Text: Romans 3:27-28

We come to the conclusion of our survey of justification in Romans 3. We’ve talked about the guilt of the law and the propitiation found in Christ, and now we come to the conclusion of it all, that “a man is justified by faith apart from the deeds of the law.” But what we need to notice is that this conclusion is itself supported by the observation that boasting is excluded. That means Paul’s argument runs like this: No one can boast because everyone’s guilt was atoned for in the same way and by the same person, by the death of Jesus the messiah. That can only then mean that we are justified by faith alone. In short, penal substitutionary atonement and justification by faith alone are two sides of the same coin. They both imply the other, and they both mean that we must be humble and dependent upon God.

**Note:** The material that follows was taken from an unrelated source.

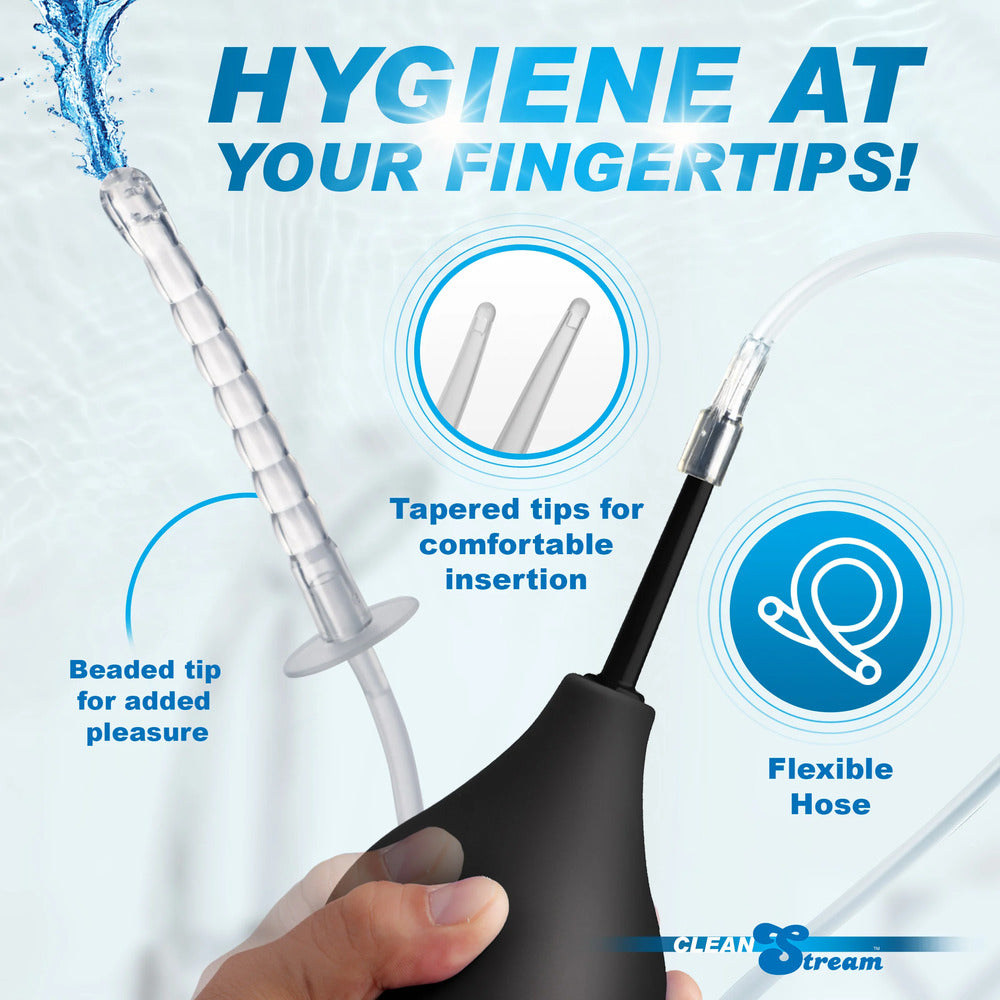 Clean Stream Enema Bulb Kit with Flexible Nozzles and Travel Design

The shorthand which Paul comes up with to explain this relationship is what he calls “the law of faith.”

The Law of Faith is Established

Now this expression, “the law of faith,” is a sort of play on words. Paul is using it to trump the other law, the law of works. He’s basically saying, “If you want a law, here’s one for you, the law of faith.” This is the same “law” that he says is “established” in vs. 31. So there are two laws, a law of works and a low of faith, and the law of faith overrules and disproves the law of works. And the law of faith excludes, it prohibits, boasting on the part of any human. So, the law of faith is “Thou shalt not boast.”

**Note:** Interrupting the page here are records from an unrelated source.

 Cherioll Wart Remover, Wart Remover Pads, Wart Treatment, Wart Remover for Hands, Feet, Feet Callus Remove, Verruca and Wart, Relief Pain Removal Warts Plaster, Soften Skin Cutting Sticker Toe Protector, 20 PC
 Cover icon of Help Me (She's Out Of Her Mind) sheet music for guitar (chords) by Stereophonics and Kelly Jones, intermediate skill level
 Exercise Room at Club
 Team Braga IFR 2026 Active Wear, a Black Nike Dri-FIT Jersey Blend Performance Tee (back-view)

Boasting is a problem in the New Testament. Paul attacks boasters here in Romans, and he addresses this problem in chapters two, three, and four, and then he circles around again and warns the Gentiles not to fall into the same trap of boasting in chapter 11, particularly 11:20. This problem of boasting also comes up in Jesus’ parable of the Pharisee and the Tax Collector:

Also He spoke this parable to some who trusted in themselves that they were righteous, and despised others: “Two men went up to the temple to pray, one a Pharisee and the other a tax collector. The Pharisee stood and prayed thus with himself, ‘God, I thank You that I am not like other men—extortioners, unjust, adulterers, or even as this tax collector. I fast twice a week; I give tithes of all that I possess.’ And the tax collector, standing afar off, would not so much as raise his eyes to heaven, but beat his breast, saying, ‘God, be merciful to me a sinner!’ I tell you, this man went down to his house justified rather than the other; for everyone who exalts himself will be humbled, and he who humbles himself will be exalted.” (Luke 18:9-14)

This parable is important because it shows that it was possible to exalt yourself, even as you are participating in a religion of penance and sacrifice. Notice what the Pharisee boasts about—fasting and tithes. He’s bragging about how good he is at giving up worldly things! And this is still possible today. We can turn a strict and supposedly humiliating religion into a point of pride. But the law of faith excludes this kind of boasting just as much as it does outright Pelagianism.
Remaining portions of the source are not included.